MV of properties £1,500,000
Less MV of mortgage debt (£950,000)
MV of net business assets £550,000
Less gain rolled over (£700,000)
Base cost (£150,000)

 

Where rental properties are re-mortgaged and the equity/cash taken out of the rental business (so that the mortgage debt exceeds the base cost of the properties), it will result in the gain rolled over being greater than the net assets and so trigger a negative base cost. As it is not possible to have a negative base cost, the £150,000 will be an immediate chargeable gain with £42,000 CGT arising, even though the incorporation may meet the conditions for incorporation relief.

Unless the cash previously taken out of the business (or another asset) is put back into the business before incorporation, there will be no escaping the CGT charge. Let's assume the cash previously extracted was recently used to purchase an investment property for £250,000 in the owner's wife’s name. If the property was transferred into his sole name and introduced into his rental business, the net assets of the business would increase to £800,000 with the gain being rolled over remaining at £700,000. No chargeable gain would therefore arise.

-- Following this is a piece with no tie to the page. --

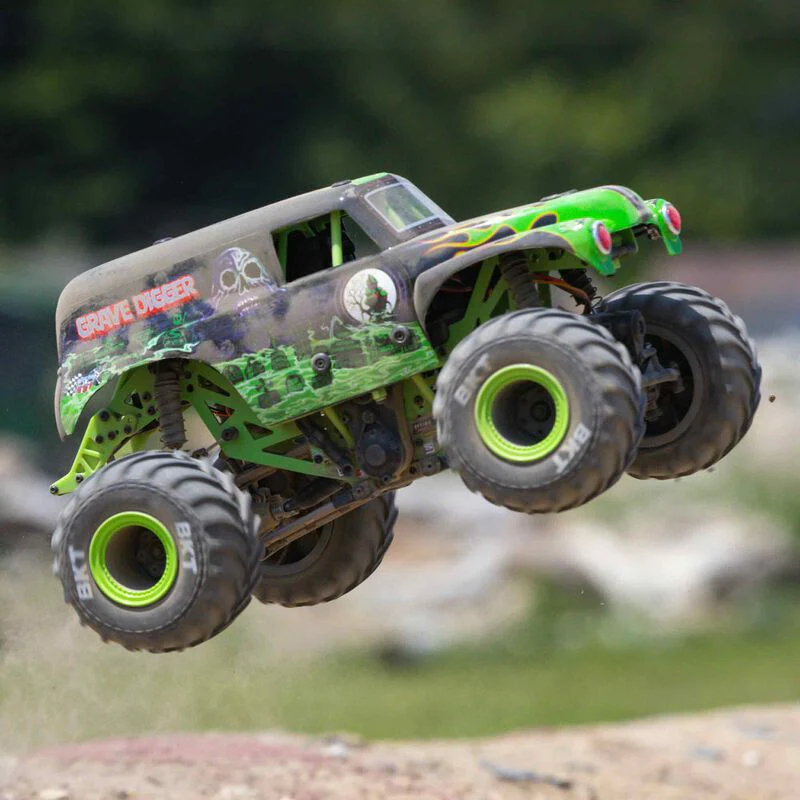 Losi 1/18 Mini LMT 4X4 Brushed Monster Truck RTR  Grave Digger - GREEN - Image 7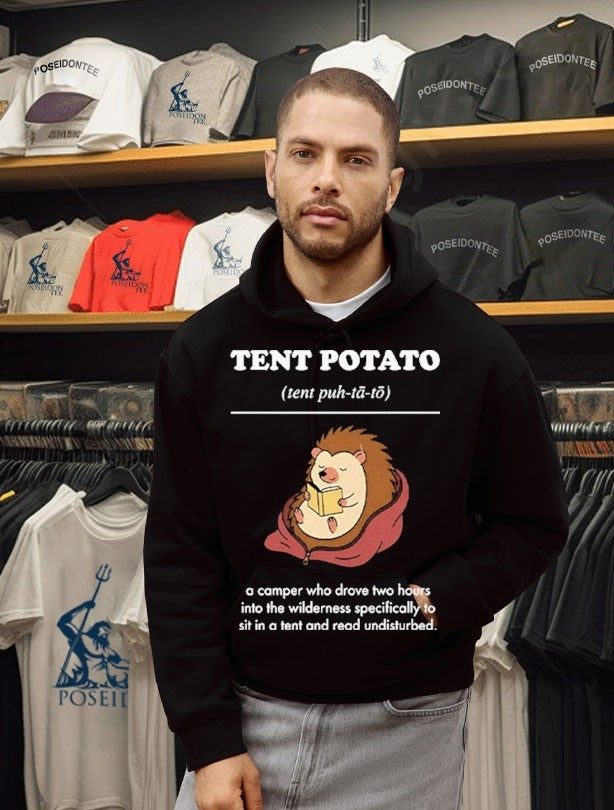 Tent Potato Hedgehog Reading A Camper Who Drove Two Hours Into The Wilderness T-shirt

Pre-incorporation cash extraction?

A neat planning point, providing his wife does indeed transfer her property into his rental business, is the possibility of re-financing the properties pre-incorporation to create a tax-free directors’ loan account credit balance in the company. Because any cash in the rental business can be excluded from the incorporation, if he were to increase the mortgage borrowing by £100,000 (the level of base cost), he could exclude the cash from the transfer and instead introduce it into the company as a loan, drawing future profits tax free.

MV of properties £1,750,000
Less increased mortgage debt (£1,050,000)
MV of net business assets £700,000
Less gain rolled over (£700,000)
Base cost £nil

 

The £100,000 cash introduced could be used to repay the mortgage back down to the £950,000 it originally was, but the individual would now have a tax-free loan account to draw from, and potentially charge interest on, and still benefit from no CGT on the incorporation.

Stamp duty land tax

In addition to the CGT position for, the company will be liable to pay stamp duty land tax (SDLT), or the devolved equivalent. As with CGT, there is an MV rule if the purchaser is a company and they are connected to the seller. Additionally, any purchase by a company of residential property will incur the 3% surcharge.

With the property value of £1.75 million, the SDLT charge for the company initially looks like £176,250 which might make the incorporation unpalatable. However, there are a couple of things to remember:

  • the purchase of six or more dwellings in a single transaction will result in the non-residential rates of SDLT applying
  • a claim for multiple dwellings relief would reduce the SDLT down to £60,000.

If this proves to be too expensive for the individual, there is a possibility that he could form a partnership with his wife and incorporate further down the road, as there are favourable rules for SDLT where a partnership incorporates. However, there would need to be a strong commercial reasoning to doing this. If the partnership is merely formed to avoid SDLT, there are anti-avoidance rules to cancel the benefits.